The most obvious way (to me) to do this without standard algorithms is with an AA to the aggregation. The most obvious way (to me) to do this with std.algorithms is:

    B foo
    B bar
    C ble
    B big
    A begga

    =>

    [B, foo]
    [B, bar]
    [C, ble]
    [B, big]
    [A, begga]

    =>

    [B, foo]
    [B, bar]
    [B, big]
    [C, ble]
    [A, begga]

    =>

    B -> [foo, bar, big]
    C -> [ble]
    A -> [begga]

But this seems wasteful on memory. Is there a better way to do this in a more algorithmic way?
March 21, 2014
Luís Marques:

> Is there a neat way to do this transformation with ranges and std.algorithms?
>
>     Input:
>     -------
>     B foo
>     B bar
>     C ble
>     B big
>     A begga
>
>     Output: (aggregated and sorted on length)
>     -------
>     B -> [foo, bar, big]
>     C -> [ble]
>     A -> [begga]

What is the desired output data structure? An associative array of dynamic arrays? Or is a dynamic arrays of dynamic arrays of 2-tuples enough?

There are various ways to solve your problem.

Related:
https://d.puremagic.com/issues/show_bug.cgi?id=5968
https://d.puremagic.com/issues/show_bug.cgi?id=9842

Bye,
bearophile
March 21, 2014
On Friday, 21 March 2014 at 15:38:23 UTC, bearophile wrote:
>>    Output: (aggregated and sorted on length)
>>    -------
>>    B -> [foo, bar, big]
>>    C -> [ble]
>>    A -> [begga]
>
> What is the desired output data structure? An associative array of dynamic arrays? Or is a dynamic arrays of dynamic arrays of 2-tuples enough?
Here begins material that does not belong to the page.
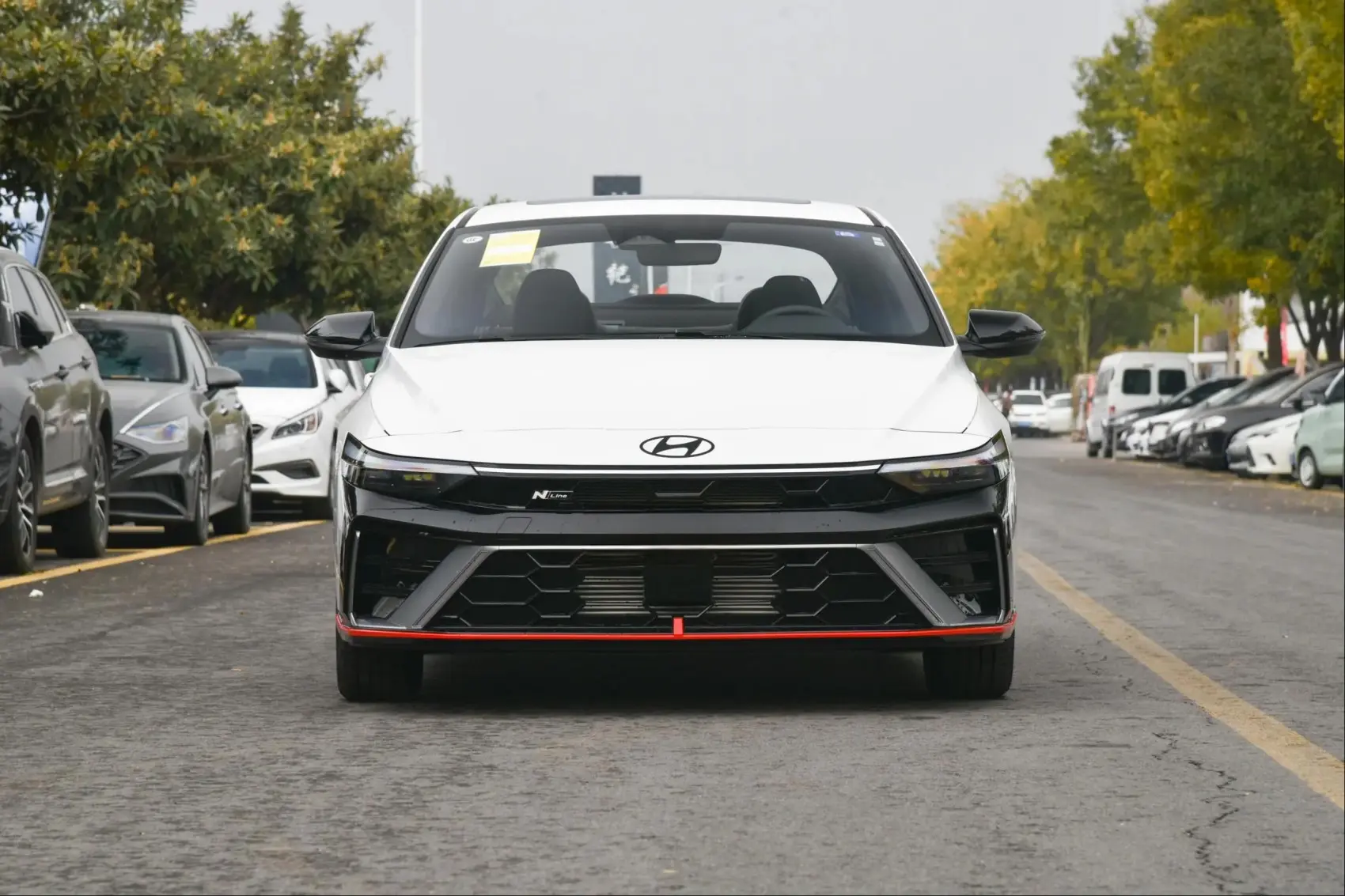 2023 Elantra 1.4L 1.5L New and Pre-owned Vehicle Compact Cars Cheap Petrol Second-Hand Cars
I'm doing this for a D newbie, to teach him the range/algorithmic approach. The function he wrote to output the result of that transformation takes as an input an array of arrays (the latter), but he builds that input iteratively using an AA of arrays (the former). I asked him about that  mismatch and at the time he told me that "for now" he only needed the latter, suggesting he had other future plans where he might need the AA, but I'm not sure. So let's just say that the client is unclear on his requirements, which does happen in the real world anyway :-).

In any case, I think the hashGroupBy is what I was asking about :-). Neat. (did anyone actually implement it?)

I'm not sure how if "a dynamic arrays of dynamic arrays of 2-tuples" sufficed that would help with the intermediate step, if we wanted to avoid the sorting step. Did you have anything in particular in mind there?
March 21, 2014
Luís Marques:

> So let's just say that the client is unclear on his requirements, which does happen in the real world anyway :-).

Yes, it happens, But it's a problem, because often if you know what you need you can produce the results more efficiently :-)


> (did anyone actually implement it?)

Not yet.


> I'm not sure how if "a dynamic arrays of dynamic arrays of 2-tuples" sufficed that would help with the intermediate step, if we wanted to avoid the sorting step. Did you have anything in particular in mind there?

I think this problem needs a sorting or a hash. One possible solution, if you don't need an associative array as output, is to use a multiSort followed by a building of groups using slicing. It could be efficient enough. Later you search the keys with a some kind of binary search.

Bye,
bearophile
March 21, 2014
On Friday, 21 March 2014 at 16:04:45 UTC, bearophile wrote:
> I think this problem needs a sorting or a hash. One possible solution, if you don't need an associative array as output, is to use a multiSort followed by a building of groups using slicing. It could be efficient enough. Later you search the keys with a some kind of binary search.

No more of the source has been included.